I assume it's before because he places the prisoners
not that the prisoners have any defining information on what to transmit except based on their memory of flashes from previous days
 
before. the problem says he does the placement at midnight, while the bit sending happens at noon
 
so the rooms really don't matter. same effect could be achieved with a lighting switchboard
I assume all the prisoners know when it's noon and thus whether their light did or didn't get switched
is there any consistency to the switches themselves?
I mean, because the bulb flashes, that suggests more of a button than a switch
because there's no 'on' state
and we're assuming the warden doesn't reset the switch, being malicious
 
think of it like this: the switches are normal light switches.
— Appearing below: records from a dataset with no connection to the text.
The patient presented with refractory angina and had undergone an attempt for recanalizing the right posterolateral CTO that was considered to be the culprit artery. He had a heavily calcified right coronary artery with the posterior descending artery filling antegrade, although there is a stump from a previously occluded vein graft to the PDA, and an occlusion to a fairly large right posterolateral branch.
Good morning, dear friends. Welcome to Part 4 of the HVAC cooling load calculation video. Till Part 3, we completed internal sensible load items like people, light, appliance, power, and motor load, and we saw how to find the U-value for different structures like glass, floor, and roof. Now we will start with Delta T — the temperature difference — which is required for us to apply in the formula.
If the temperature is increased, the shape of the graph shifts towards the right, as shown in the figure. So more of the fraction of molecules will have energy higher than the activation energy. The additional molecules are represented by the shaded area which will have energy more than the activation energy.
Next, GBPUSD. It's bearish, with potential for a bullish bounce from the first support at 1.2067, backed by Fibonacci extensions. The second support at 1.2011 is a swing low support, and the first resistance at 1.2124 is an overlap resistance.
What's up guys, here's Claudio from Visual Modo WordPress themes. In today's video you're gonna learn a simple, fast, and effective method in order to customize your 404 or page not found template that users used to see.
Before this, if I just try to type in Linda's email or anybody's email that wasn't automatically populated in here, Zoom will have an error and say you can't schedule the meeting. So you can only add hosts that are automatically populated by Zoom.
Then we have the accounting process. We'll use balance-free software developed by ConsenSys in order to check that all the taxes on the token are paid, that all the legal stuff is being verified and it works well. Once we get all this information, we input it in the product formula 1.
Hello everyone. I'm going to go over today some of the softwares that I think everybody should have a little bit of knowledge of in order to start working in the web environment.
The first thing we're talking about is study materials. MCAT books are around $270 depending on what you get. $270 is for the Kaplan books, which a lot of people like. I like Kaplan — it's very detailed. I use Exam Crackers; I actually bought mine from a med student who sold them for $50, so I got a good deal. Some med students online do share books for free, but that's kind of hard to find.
If they are "on" at noon, then they give a single flash at noon. Otherwise, nothing happens
 
3:41 AM
can the prisoners break the lights or do they get replaced?
 
4:01 AM
so, I've thought of a really evil warden strategy
each day, the warden moves all prisoners counter clockwise, except for yourself
that means every prisoner you signal, will signal you back the next day
that leaves you personally unable to exploit the lightswitch states
so you can only go off of binary alone
you don't know the size of n, so even if you suspected a cycle, you don't know the size of the cycle, and each prisoner communicates with you 1 once per cycle, and (unknown to them) the same other prisoner n-1 times per cycle
I'm sure there's other strategies to come up with that limit the potential of even a single bit reaching the nth prisoner exponentially
the problem being, within that possibility, the warden can vary their strategy, making it utterly impossible to impose any sort of order
 
4:38 AM
cripes, didn't realise puzzlers were such a negative bunch
 
5:01 AM
I understand why Wossname was frustrated, I wrote the puzzle incorrectly, then invalidated his solution when I corrected it. :/
 
5:25 AM
I still think it's insoluable, so I'm expecting a very complex answer or a very clever one
and I still suspect there'll be a warden strategy that stymies it
 
user61230
I'm also not sure it's solvable... I'm really curious to see what the solution is. It seems like even if the mathematicians can encode information in binary, the warden can just totally scramble it before you get to read it.
 
user61230
Not ready to give up quite yet, though...
 
there is one foolproof way for all the other inmates to transmit a message, if they all do the same lightswitching in sync
but that would mean a) coordinating themselves to do so, and b) having the right information/code to transmit
at the core of the problem is you get a series of bits from unknown sources, all indistinguishable from each other. the only action you can take is to transmit bits to unknown targets, also indistinguishable
 
user61230
Hmm.... randomization makes the order of light flips unreliable. That means the only information each prisoner has is the number of times they've seen a light source.
 
well, not even that
because the warden can ringfence information
if you send a bit to a prisoner, he can treat that prisoner as 'tainted'
so, next cycle, he moves him upstream of you
 
user61230
5:38 AM
That's true, but the information will still travel given enough time
 
that's just it, information doesn't travel
there's no meaning to a single bit
it's data
it becomes noise because there's no way to distinguish a bit from another bit
 
user61230
Hmm... is it possible to trap a bit, though? I can't design an algorithm that's guaranteed to trap information.
 
user61230
Let's say all the mathematicians follow the rule "If I see a light, on all successive nights I will turn a light on."
 
right, so what's the end condition for you?
 
user61230
that would be the issue
 
user61230
5:40 AM
but the main thing is, you can't trap the information "I have seen a light."
 
user61230
so while the warden can do a lot to delay the information, I'm not sure it's possible to fence it in completely.
 
yes, you're absolutely right in the sense that...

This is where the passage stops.